El valle de Michacheo, en Argentina, está enclavado en una región semidesértica de la sureña provincia de Neuquén. A pesar de la falta de agua en superficie, la zona desarrolló la producción agrícola ganadera al disponer de las aguas servidas de la ciudad de Zapala para el riego. Hace diez años se realizaron obras de saneamiento que entubaron la mayor parte de los efluentes de Zapala y en consecuencia los establecimientos agrícolas del valle se marchitaron. El agua que pueden proveer los molinos tradicionales es insuficiente para la producción intensiva, aun a pequeña escala. En ese contexto no es de sorprender que la instalación de una pequeña turbina de viento en un predio del valle de Michacheo (“tierra del tesoro”, en mapuche) fuera motivo de celebración.
“El EPEN (Ente Provincial de Energía de Neuquén) tiene una línea de distribución que está totalmente saturada y no tiene prevista su ampliación”, me explica el ingeniero Osvaldo Franco, responsable de energía eólica del área de Energías Renovables del INTI. “Esa fue la razón por la que comenzamos a estudiar las posibilidades de proveer de energía al valle para el regadío, ya que el tema agua de riego en Zapala es crucial”.

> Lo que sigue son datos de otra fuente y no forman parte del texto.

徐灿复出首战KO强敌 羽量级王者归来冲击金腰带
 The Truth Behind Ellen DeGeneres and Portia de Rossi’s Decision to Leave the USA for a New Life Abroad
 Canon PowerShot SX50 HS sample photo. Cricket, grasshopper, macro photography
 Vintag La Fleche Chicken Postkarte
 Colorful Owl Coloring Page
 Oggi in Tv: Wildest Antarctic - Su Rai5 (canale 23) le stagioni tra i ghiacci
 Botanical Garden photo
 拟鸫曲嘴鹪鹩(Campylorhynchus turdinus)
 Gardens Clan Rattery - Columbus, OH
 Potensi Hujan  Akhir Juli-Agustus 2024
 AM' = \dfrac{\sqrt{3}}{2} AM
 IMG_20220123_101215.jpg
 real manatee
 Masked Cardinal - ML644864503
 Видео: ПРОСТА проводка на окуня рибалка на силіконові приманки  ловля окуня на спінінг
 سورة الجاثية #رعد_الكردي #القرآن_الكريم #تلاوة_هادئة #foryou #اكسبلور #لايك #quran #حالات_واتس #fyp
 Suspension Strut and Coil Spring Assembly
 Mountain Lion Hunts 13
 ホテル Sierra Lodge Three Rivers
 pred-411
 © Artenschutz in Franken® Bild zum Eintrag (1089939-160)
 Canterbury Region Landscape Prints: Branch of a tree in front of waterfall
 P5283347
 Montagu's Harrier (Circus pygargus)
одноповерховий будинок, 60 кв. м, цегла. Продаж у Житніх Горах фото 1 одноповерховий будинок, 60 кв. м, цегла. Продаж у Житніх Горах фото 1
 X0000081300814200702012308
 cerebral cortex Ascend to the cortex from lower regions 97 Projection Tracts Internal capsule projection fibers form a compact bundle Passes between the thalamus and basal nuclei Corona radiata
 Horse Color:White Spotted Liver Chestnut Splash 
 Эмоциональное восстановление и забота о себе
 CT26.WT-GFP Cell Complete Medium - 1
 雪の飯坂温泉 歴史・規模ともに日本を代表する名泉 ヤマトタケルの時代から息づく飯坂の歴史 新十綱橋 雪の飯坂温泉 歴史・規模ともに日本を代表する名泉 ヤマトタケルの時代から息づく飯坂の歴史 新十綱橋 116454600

El sistema piloto consiste en un aerogenerador tripala IVS 4500 -fabricado por la empresa argentina Invap-, de 4,5 kW, montado en una torre de 9 metros de altura. Trabaja con una potencia de viento nominal de 45 km/h y su diámetro de hélice es de 4,5 metros. El aerogenerador alimenta una bomba de 1,5 kW, que a su vez carga un tanque australiano de 25.000 litros, desde el cual el agua es distribuida a los invernaderos y potreros del establecimiento, que tiene 6 hectáreas.
“Respecto a la máquina que está instalada, es la máquina piloto”, aclara el ingeniero. “Cuando tengamos los datos de los demás parámetros, tales como caudal del acuífero, potencia eólica y otros, definiremos la cantidad de máquinas a instalar con sus respectivas bombas. Así se definirá un sistema de riego que garantice la sustentabilidad del proyecto”, agrega, enfatizando la palabra sustentabilidad. La posibilidad de disponer de agua a bajo costo es un estímulo para ampliar los rubros actuales y diseñar nuevos emprendimientos, sobre todo en una zona donde hay numerosas cooperativas de producción.
Esto “no es sólo para el regadío sino que se transformó en un proyecto productivo, con la creación de fuentes de trabajo para los zapalinos”, culmina Franco.
Al decir de Segundo Hernández, dueño de la chacra donde se realiza la experiencia piloto, “sólo debemos esperar que sople buen viento”.